EXERCISE AIM
A verbatim copy is needed of the lines below from the one containing "Per Se Blouse" up to and including the one containing "Ensemble de meuble-lavabo", excluding pictures.

DATA
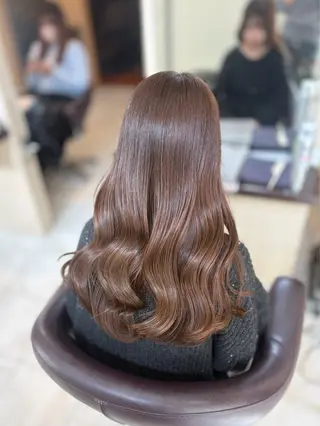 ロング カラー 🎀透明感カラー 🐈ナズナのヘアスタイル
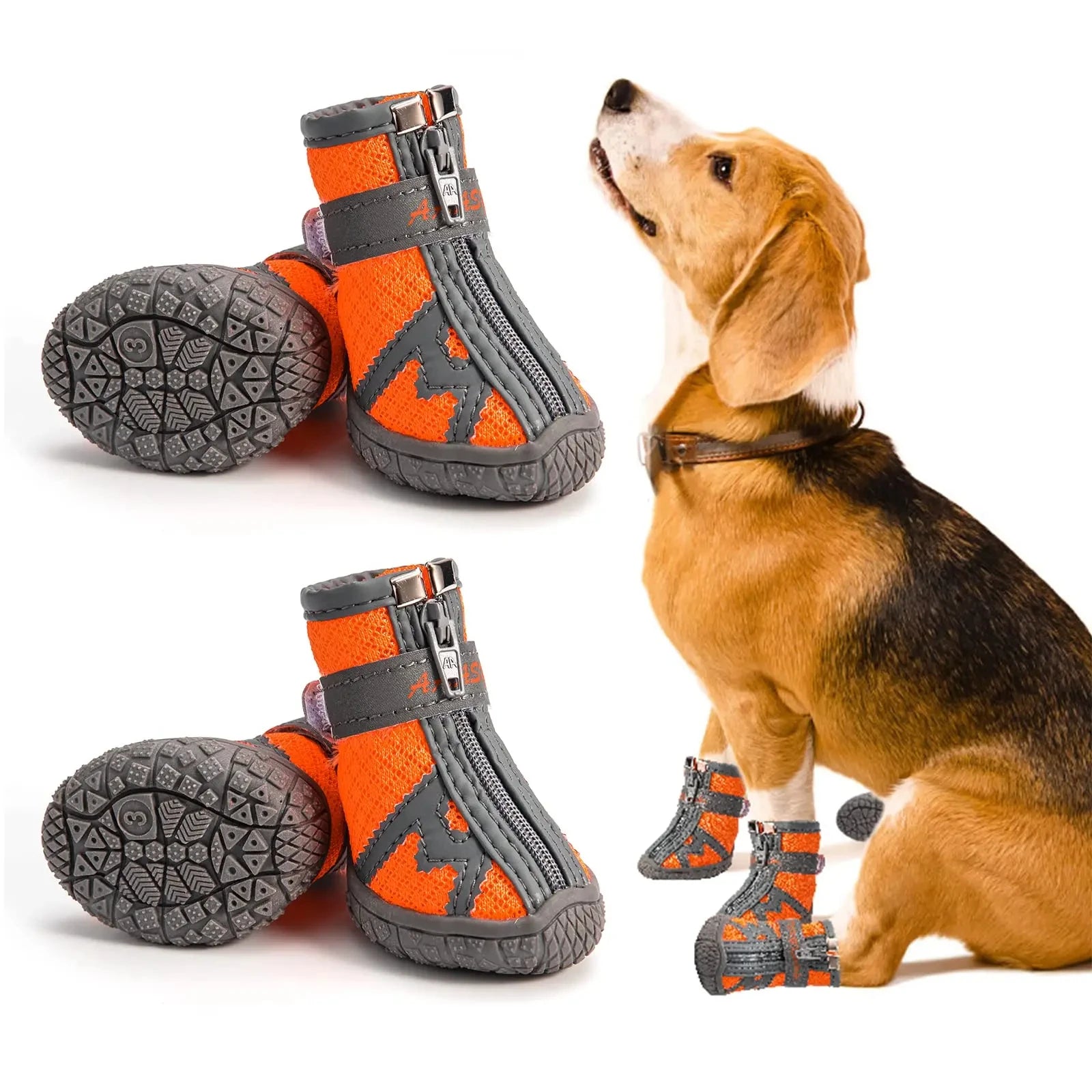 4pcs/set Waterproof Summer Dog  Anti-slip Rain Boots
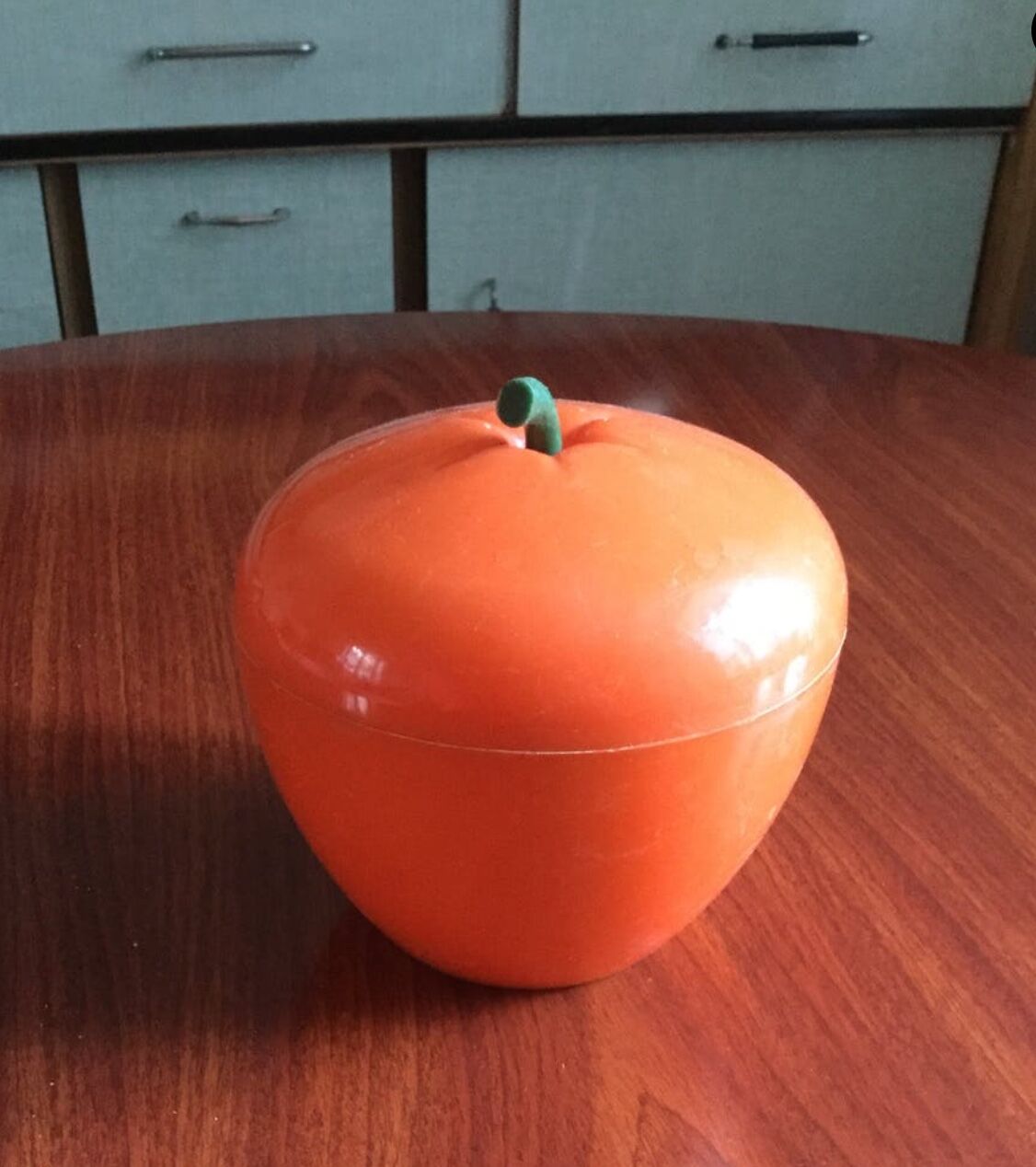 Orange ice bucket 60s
==
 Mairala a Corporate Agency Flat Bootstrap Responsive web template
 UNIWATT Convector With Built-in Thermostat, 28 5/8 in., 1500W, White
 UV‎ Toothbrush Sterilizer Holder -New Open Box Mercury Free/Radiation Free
---
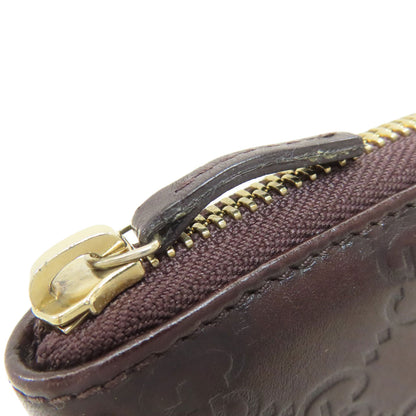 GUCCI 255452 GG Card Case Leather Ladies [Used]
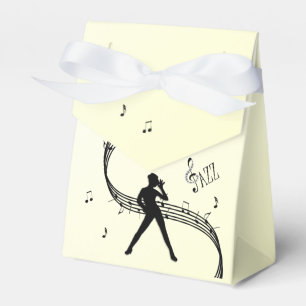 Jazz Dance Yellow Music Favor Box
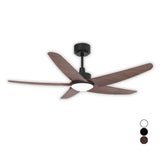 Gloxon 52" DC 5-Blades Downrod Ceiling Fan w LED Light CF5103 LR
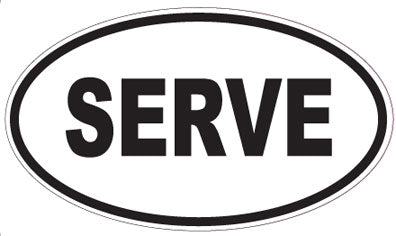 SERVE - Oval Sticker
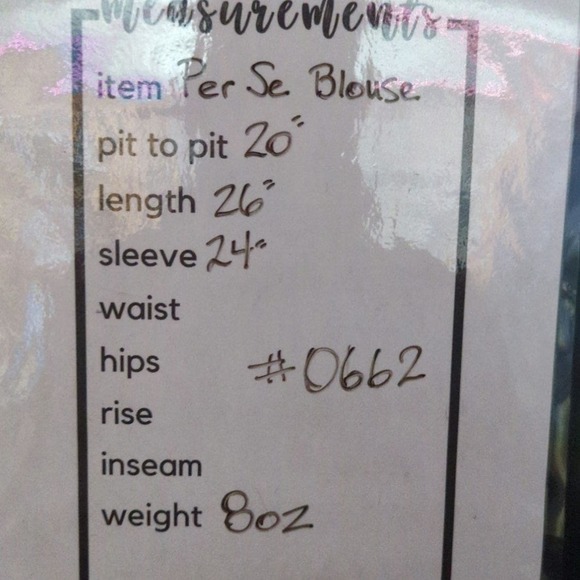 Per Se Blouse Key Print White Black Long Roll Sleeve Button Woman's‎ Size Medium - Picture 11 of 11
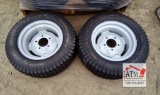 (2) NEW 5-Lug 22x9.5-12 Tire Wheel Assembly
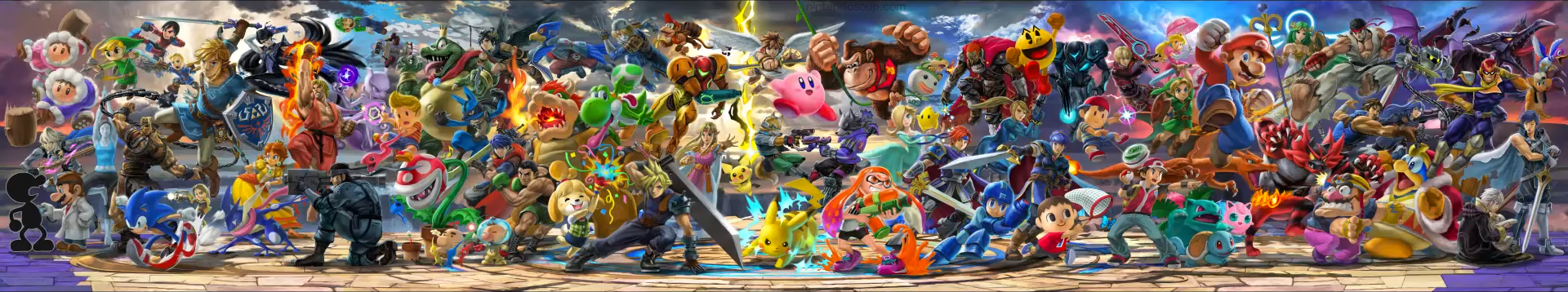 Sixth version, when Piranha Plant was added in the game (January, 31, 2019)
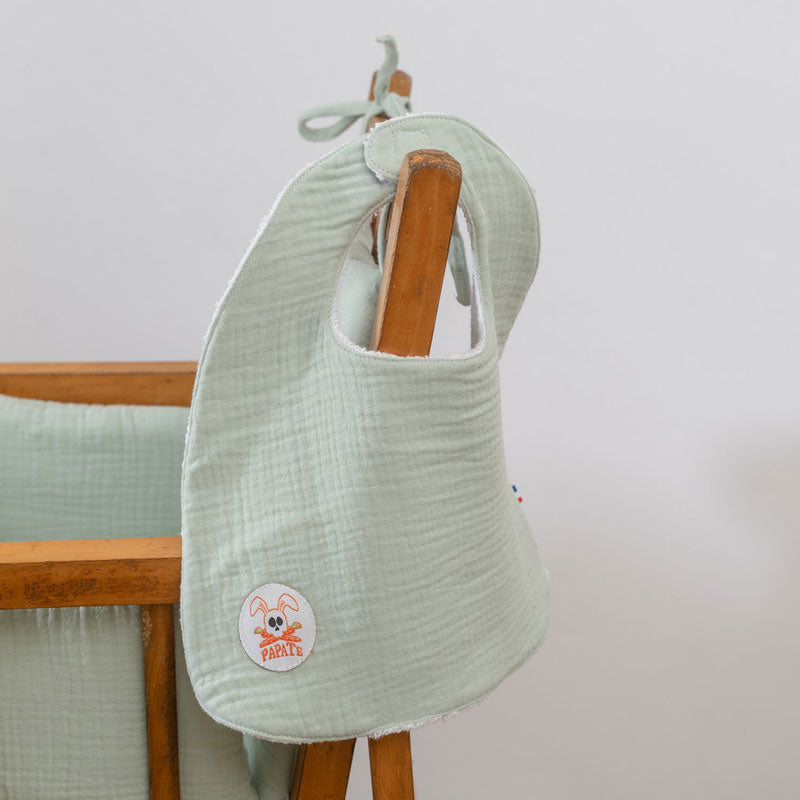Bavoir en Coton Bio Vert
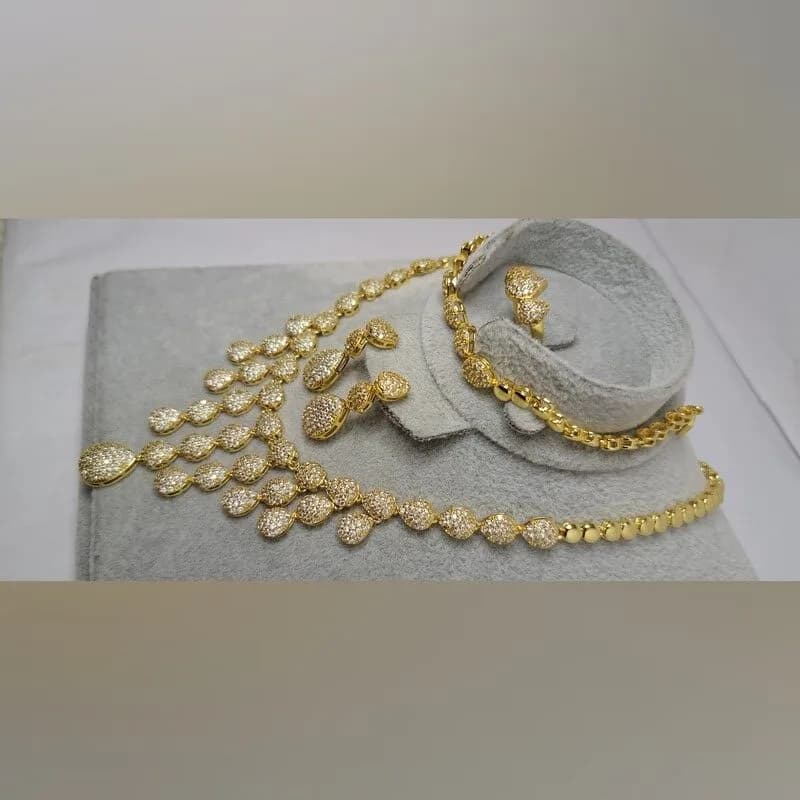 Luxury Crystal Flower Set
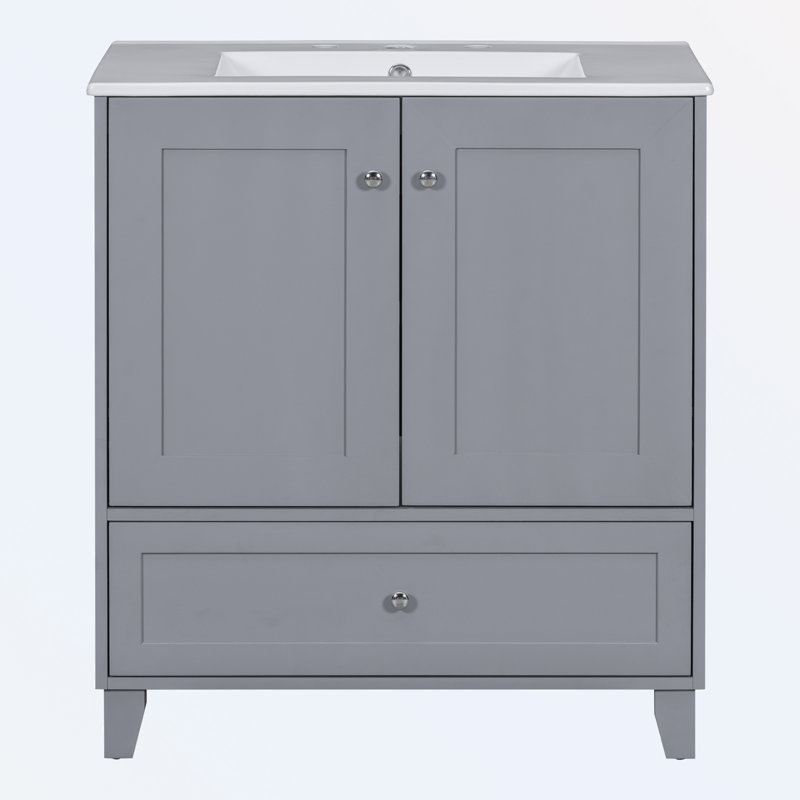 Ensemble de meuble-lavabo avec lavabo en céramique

TASK ANSWER
 Per Se Blouse Key Print White Black Long Roll Sleeve Button Woman's‎ Size Medium - Picture 11 of 11
 (2) NEW 5-Lug 22x9.5-12 Tire Wheel Assembly
 Sixth version, when Piranha Plant was added in the game (January, 31, 2019)
Bavoir en Coton Bio Vert
 Luxury Crystal Flower Set
 Ensemble de meuble-lavabo avec lavabo en céramique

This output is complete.